There’s also a potent argument to be made that MLB's desire to win back fans in the wake of the strike was a major factor behind the offensive explosion that followed the strike, an argument taken up at length in Howard Bryant’s Juicing the Game (a book I edited). Certainly the home run record chase of 1998 can be tied to the full recovery of the attendance figures for multiple teams, including most of the National League Central, home to the Cardinals’ Mark McGwire and Cubs’ Sammy Sosa. Baseball may not have actively fostered the tilt toward offense in those years, but it also did little to counteract it, especially by turning a blind eye to performance-enhancing drug use.

The most inarguable impact of the strike, however, is also the most positive: It ushered in a new era of labor peace.
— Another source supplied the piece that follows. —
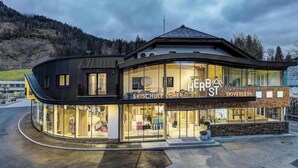 Ein modernes Gebäude mit Glasfassade, beschriftet mit 'HERB ST' und 'SKIVERLEIH', mit einem geschwungenen Design und einem Berg im Hintergrund.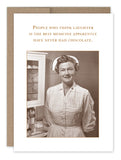 The Best Medicine Get Well Card by Shannon Martin Design, from an award-winning collection, showcases a smiling nurse in uniform in a medical setting. Printed on recycled paper, the card humorously states, "People who think laughter is the best medicine apparently have never had chocolate.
With the owners having again failed to bust the union, the players disabused of the notion that the owners were incapable of presenting a united front and both sides concerned about the lasting damage another major work stoppage could have on the league, the two sides have negotiated and implemented new basic agreements without a strike or lockout in 1997, 2003, 2007 and 2012. There was still some brinksmanship, particularly in 2002, when a Sept. 1 strike date was set as the negotiations that would introduce the competitive balance tax and performance-enhancing drug testing went down to the wire, but not a game has been missed.

The two sides will attempt to keep the streak intact when the next round of negotiations arrives in 2016. If they do, it will mark 20 years of labor piece dating back to Nov. 27, 1996, when the owners, chastened by the strike, ratified the first basic agreement in major league history to be negotiated without a work-stoppage.